Health care professionals in Canadian emergency departments are treating an increasing number of frail, elderly patients. A significant number of these patients will have heart failure, and these patients are at risk for readmission to hospital. As return hospital visits are associated with increased morbidity and health care costs, it is important to help reduce readmissions. Optimizing self-care tools has been shown to reduce readmissions for patients with heart failure, but it is still unclear if these tools can be used for the frail elderly.
We have proposed a prospective randomized single centre pilot study to help reduce 90 day readmissions to hospital for frail elderly patients with heart failure. Patients who are over the age of 70 with a frailty index score ≥ 3/18 presenting with symptoms of heart failure will be included. Patients with active delirium, severe dementia, or who are being discharged to rehabilitation centres will be excluded. Patients randomized to the intervention group will receive a telephone call approximately 5 days post-discharge. A heart failure nurse will administer the heart failure self care questionnaire. If any deficiencies in the patient’s ability to recognize or treat symptoms of worsening heart failure are identified, the nurse will provide structured responses. The nurse will also confirm any upcoming appointments. Finally, patients will be referred to a geriatrics clinic for frailty assessment. Targeted interventions regarding nutrition, physical activity and caregiver support will be provided. Patients in the control group will be contacted 5 days after discharge to confirm outpatient follow-up, but otherwise will have the care as prescribed by their treating physician at discharge from hospital.

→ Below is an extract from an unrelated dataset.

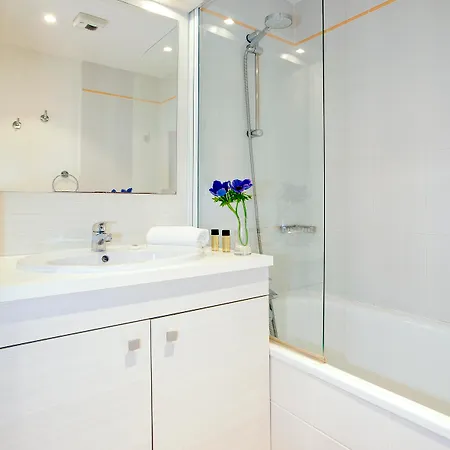 Sejours & Affaires Geneve Les Rives Du Leman Aparthotel 2*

The primary clinical outcome of interest will be readmission to hospital for any diagnosis after 90 days from hospital discharge. Secondary outcomes will include improvement in quality of life scores, frailty index, and readmissions in 1 year. In addition, we will collect the number of patients that are screened, eligible, enrolled, and complete follow-up. Data will be gathered on any issues that hinder enrollment or the completion to follow-up.
Approximately 41% of elderly patients who were discharged from our ER with acute decompensated heart failure returned with dyspnea within 30 days and 11% presented more than three times in a year. By reducing readmissions, we will be able to free valuable resources in both the ED and the wards. In addition, we expect that patients should report improvement in quality of life scores, report improved symptom control, experience fewer medication side effects, and feel more capable to manage their symptoms from home.